MAS Passengers Have Always Been Allowed To Bring Their Own Food

MAS Passengers Have Always Been Allowed To Bring Their Own Food

Earlier this week, Malaysia Airlines (MAS) made headlines for all the wrong reasons. It was ridiculed by Malaysians for its current policy allowing customers to bring their own food into flights.

The controversial policy is directly caused by the recent end of MAS’ partnership with its long-standing catering provider, Brahim’s Food Services (BFS).

Passengers have always been allowed to bring own food

However, Malaysia Aviation Group (MAG) managing director, Datuk Captain Izham Ismail, has stated that the media misinterpreted the Frequently Asked Questions (FAQs) page,

MAG is the parent company of MAS.

“Passengers have always been allowed to bring food anyway before this, except for certain food items (such as self-heating meals and foods that exude a strong smell). It is not because of the transition.” said Izham.

He said this in a special address towards reporters of selected media, where he also answered questions about the direction of MAS going forward.

In the address, Izham stated that while this move might bring them short-term issues, it is a necessary move for the long run.

According to Izham, negotiation with BFS over the extension of their catering service started in November last year, but to no avail.

“We couldn’t come (to an agreement), knowing the fact that BFS has a monopoly in the local in-flight catering market,” Izham said.

Izham also added that the existing contract terms with BFS were lopsided.

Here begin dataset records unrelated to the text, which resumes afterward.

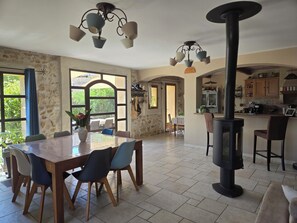 Un vaste espace dédié à la salle à manger, avec une grande table et des chaises, un mur en pierre et une cuisine dotée de meubles en bois.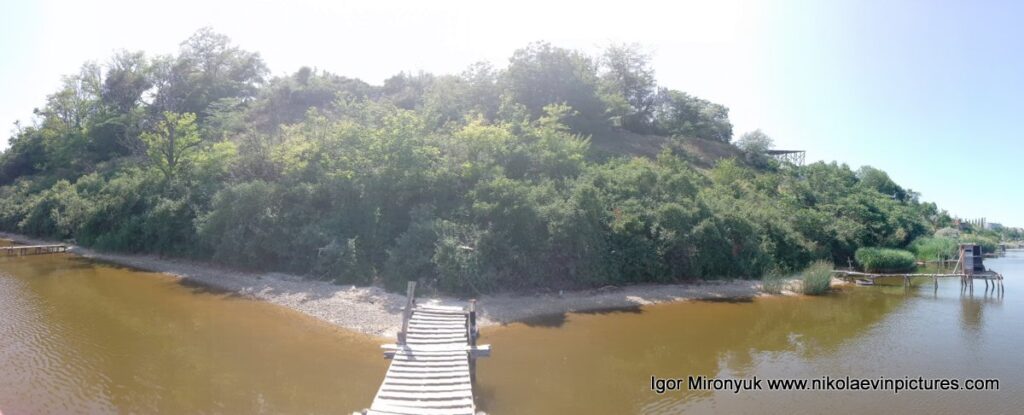 Это фотография показывает длинный рыбацкий мостик, узкую береговую полосу и много-много деревьев, словно это какие-то джунгли.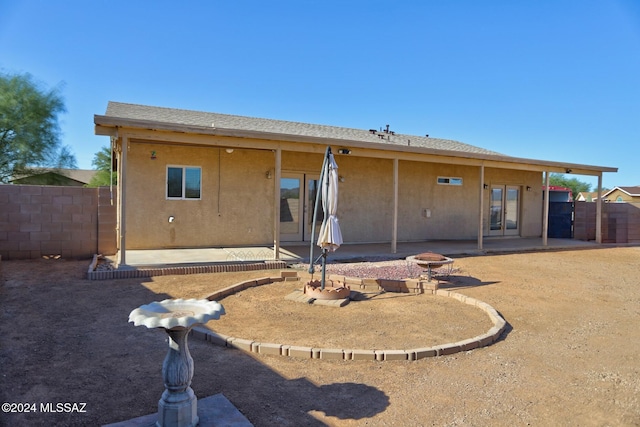 rear view of property featuring a patio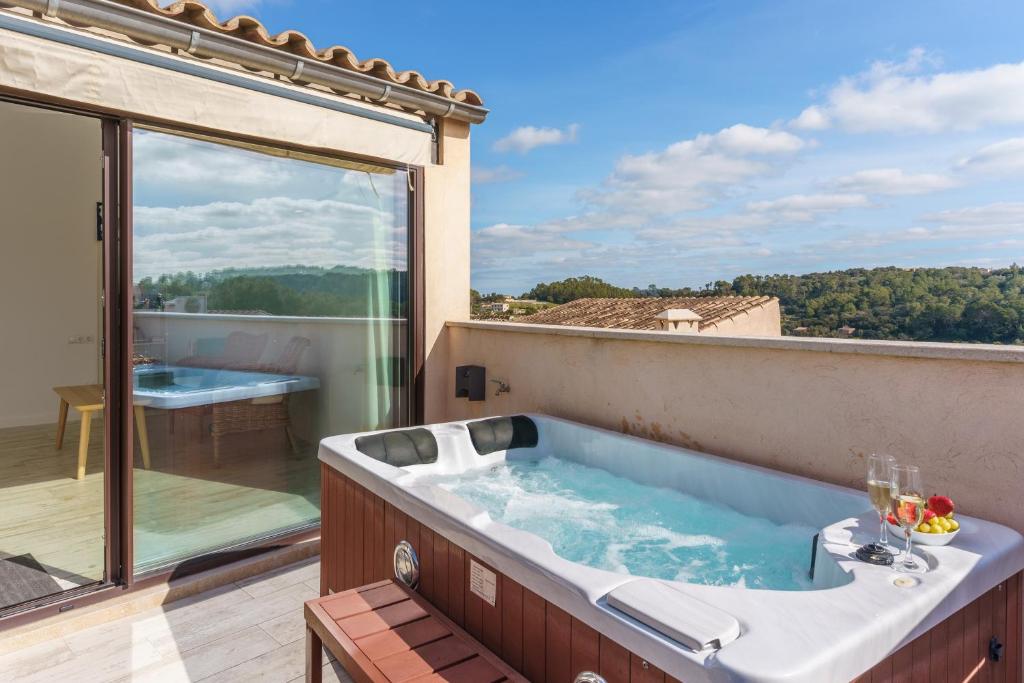 a jacuzzi tub sitting on top of a balcony at Es Raco in Costitx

“We are aware of what would happen [when we terminated the catering contract with BFS] and of the feedback from consumers and stakeholders, but if we don’t have the courage to take on legacy contracts, then why do you need me as a CEO?” he told reporters from selected media on Tuesday.

“So my team needs guts to implement change and change is never pretty. We hope consumers understand this phase that we are going through. It will not be forever, [but] a short duration of time. The timeline is the third week of September, we will start serving more hot meals again because we will have the equipment to upload the meals onboard the aircraft,” stressed Izham.

Legacy contract was lopsided

When asked if MAG’s management truly understood the ramifications of addressing this legacy contract, Izham said that they were looking at the big picture of the situation.

“Yes. [We went in with our] eyes wide open. Will customers see degradation of food services? Definitely, but we are looking at the bigger picture. If I were nervous about this and not worried about consumers and stakeholders, then I will continue to inherit this lopsided contract,” said Izham.

MAG is exploring its options

In the address, Izham also stated that MAG is exploring their options going forward, which includes buying out Brahim’s Holdings Bhd’s (BHB) 70% stake in BFS or build its own flight kitchen.

“No doubt we have other catering players like Pos Aviation Sdn Bhd, which has a smaller capacity. Knowing that fact, how do we move forward? Do we build our own catering outfit? Do we get other people from overseas to open catering centres here? Or do we buy over BHB’s stake in BFS? These are the options available to us, but before we get there, we have to go through this pain.